TASK PROMPT:
Gather each line containing the string "image" from these entries.

[Extracted data entries]

============

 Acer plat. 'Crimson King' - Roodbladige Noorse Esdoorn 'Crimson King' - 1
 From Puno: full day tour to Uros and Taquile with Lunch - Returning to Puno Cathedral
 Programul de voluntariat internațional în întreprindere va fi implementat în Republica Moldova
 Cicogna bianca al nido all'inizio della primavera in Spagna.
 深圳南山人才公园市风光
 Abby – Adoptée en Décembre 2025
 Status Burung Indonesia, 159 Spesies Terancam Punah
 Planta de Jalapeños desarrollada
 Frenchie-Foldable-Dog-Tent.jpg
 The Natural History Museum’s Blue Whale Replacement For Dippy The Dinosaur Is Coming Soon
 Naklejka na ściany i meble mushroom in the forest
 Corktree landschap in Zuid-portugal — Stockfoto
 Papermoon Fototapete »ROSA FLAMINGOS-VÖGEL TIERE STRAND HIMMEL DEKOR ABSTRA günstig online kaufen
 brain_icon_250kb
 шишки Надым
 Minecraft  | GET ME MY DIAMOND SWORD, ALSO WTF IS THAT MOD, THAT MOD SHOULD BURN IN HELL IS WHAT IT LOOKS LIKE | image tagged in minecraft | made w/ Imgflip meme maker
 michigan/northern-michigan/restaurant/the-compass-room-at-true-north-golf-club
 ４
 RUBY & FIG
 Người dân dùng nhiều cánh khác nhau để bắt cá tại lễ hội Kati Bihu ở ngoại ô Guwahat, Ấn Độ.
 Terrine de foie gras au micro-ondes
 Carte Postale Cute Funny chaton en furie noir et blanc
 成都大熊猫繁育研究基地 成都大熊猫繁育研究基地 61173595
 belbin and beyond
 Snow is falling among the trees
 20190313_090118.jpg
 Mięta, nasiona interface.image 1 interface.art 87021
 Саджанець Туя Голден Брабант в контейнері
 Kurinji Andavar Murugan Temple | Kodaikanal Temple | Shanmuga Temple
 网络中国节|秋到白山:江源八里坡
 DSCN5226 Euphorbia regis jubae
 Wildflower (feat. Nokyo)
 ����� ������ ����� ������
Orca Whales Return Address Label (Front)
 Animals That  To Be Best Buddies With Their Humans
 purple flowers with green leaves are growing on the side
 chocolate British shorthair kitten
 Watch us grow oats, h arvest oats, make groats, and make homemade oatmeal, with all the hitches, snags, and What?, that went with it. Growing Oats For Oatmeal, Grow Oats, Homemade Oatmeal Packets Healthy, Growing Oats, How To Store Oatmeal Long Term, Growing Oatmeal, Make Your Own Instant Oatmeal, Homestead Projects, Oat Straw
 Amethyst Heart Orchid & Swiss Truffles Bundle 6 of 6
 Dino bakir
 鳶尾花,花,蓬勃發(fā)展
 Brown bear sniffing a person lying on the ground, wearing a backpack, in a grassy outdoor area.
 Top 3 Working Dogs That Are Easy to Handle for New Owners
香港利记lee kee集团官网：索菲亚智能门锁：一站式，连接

============

THE ANSWER:
 Minecraft  | GET ME MY DIAMOND SWORD, ALSO WTF IS THAT MOD, THAT MOD SHOULD BURN IN HELL IS WHAT IT LOOKS LIKE | image tagged in minecraft | made w/ Imgflip meme maker
 Mięta, nasiona interface.image 1 interface.art 87021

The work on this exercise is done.